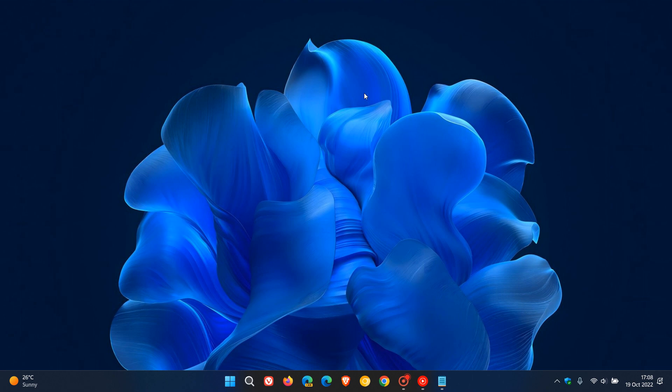Brent Tech here where tech is made simple. Just a quick video to show you how you can find the model number of your PC on Windows 11.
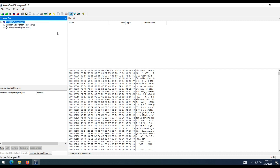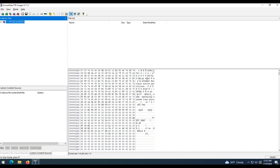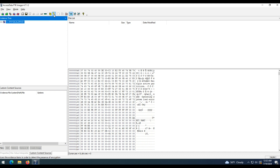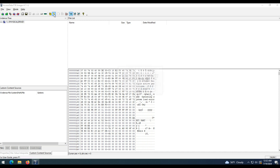For FTK to identify whether there is any content with EFS, select the physical drive and click on the key icon. Detect EFS encryption. FTK will search for the content and inform you if there is a file with EFS.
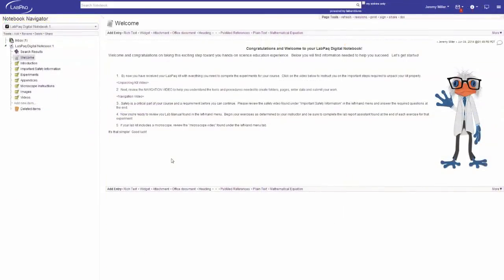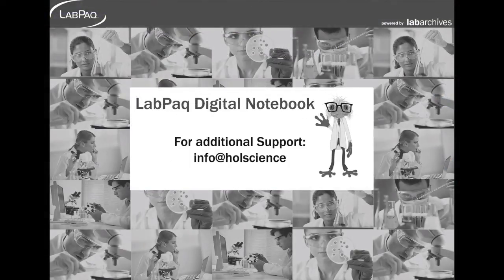Of course, there are many other things that you can do with your LabPack Digital Notebook, and we've prepared a series of short tutorials available from the support menu. Simply click on the tutorials and select the ones you'd like to see. If you have any questions, please feel free to email us for support. Thank you.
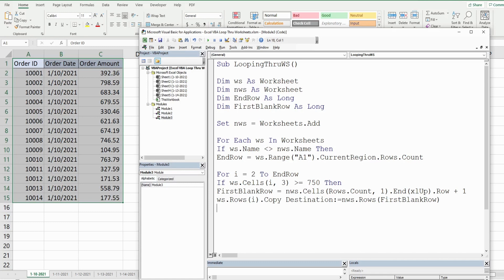We've done everything we need with the inner If condition, so we close that If statement and go to the next counter in the inner loop. We also need to close the outer If statement that tested the sheet name, then go to the next worksheet in the outer loop.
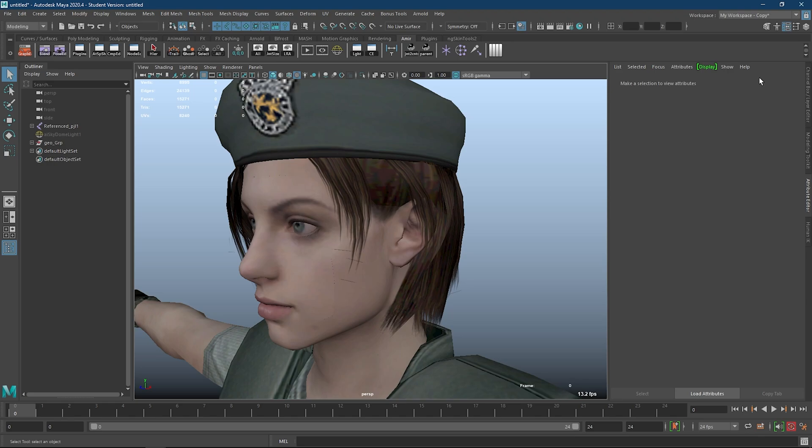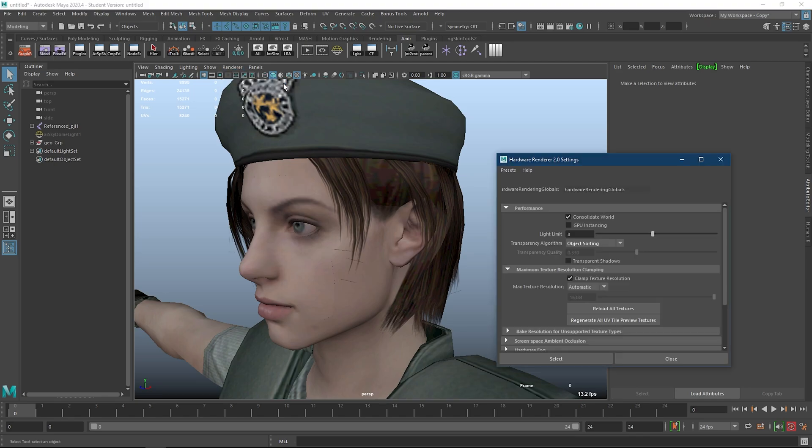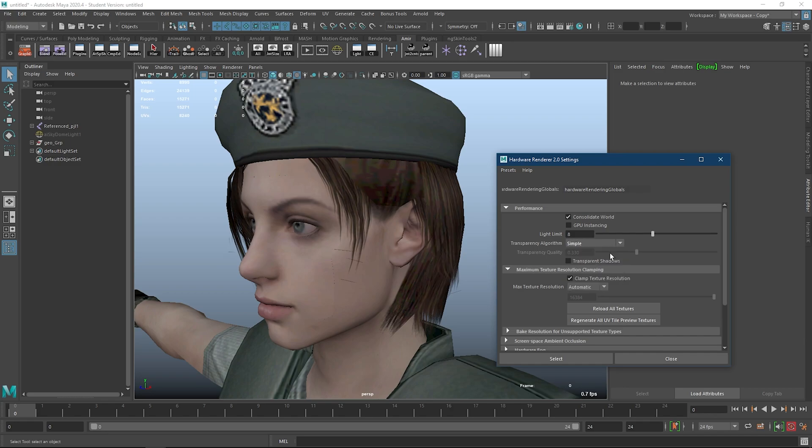You can also change how the transparency looks in the viewport by going to Renderer, Viewport 2.0, and going to Options. And on the Performance in Transparency algorithm, you can change the way it looks.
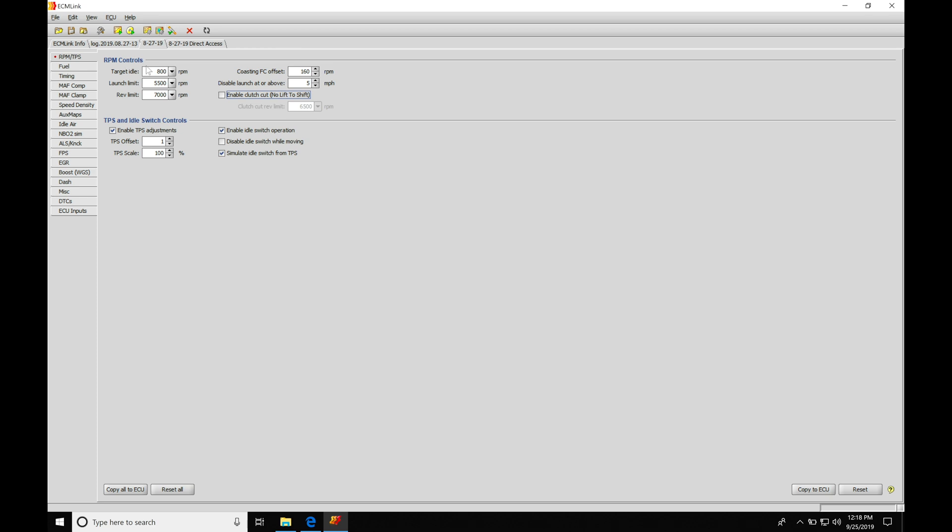So jumping in here to our RPM controls, we can see our first parameter is going to be our target idle. This is going to be where we want the engine to idle at. So what we need to know about this and how the ECU is going to work, it's going to have a closed loop routine going on. We have an idle stepper position motor that's going to be opening and closing in the amount of steps. It'll be allowing essentially more or less airflow into the engine depending on how much it's moving in its step or position.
****************************************
Exercise goal
Output the entries verbatim, skipping images.

Output
Brent Tech here where tech is made simple. Just a quick video to show you how you can find the model number of your PC on Windows 11.
For FTK to identify whether there is any content with EFS, select the physical drive and click on the key icon. Detect EFS encryption. FTK will search for the content and inform you if there is a file with EFS.
Of course, there are many other things that you can do with your LabPack Digital Notebook, and we've prepared a series of short tutorials available from the support menu. Simply click on the tutorials and select the ones you'd like to see. If you have any questions, please feel free to email us for support. Thank you.
We've done everything we need with the inner If condition, so we close that If statement and go to the next counter in the inner loop. We also need to close the outer If statement that tested the sheet name, then go to the next worksheet in the outer loop.
You can also change how the transparency looks in the viewport by going to Renderer, Viewport 2.0, and going to Options. And on the Performance in Transparency algorithm, you can change the way it looks.
So jumping in here to our RPM controls, we can see our first parameter is going to be our target idle. This is going to be where we want the engine to idle at. So what we need to know about this and how the ECU is going to work, it's going to have a closed loop routine going on. We have an idle stepper position motor that's going to be opening and closing in the amount of steps. It'll be allowing essentially more or less airflow into the engine depending on how much it's moving in its step or position.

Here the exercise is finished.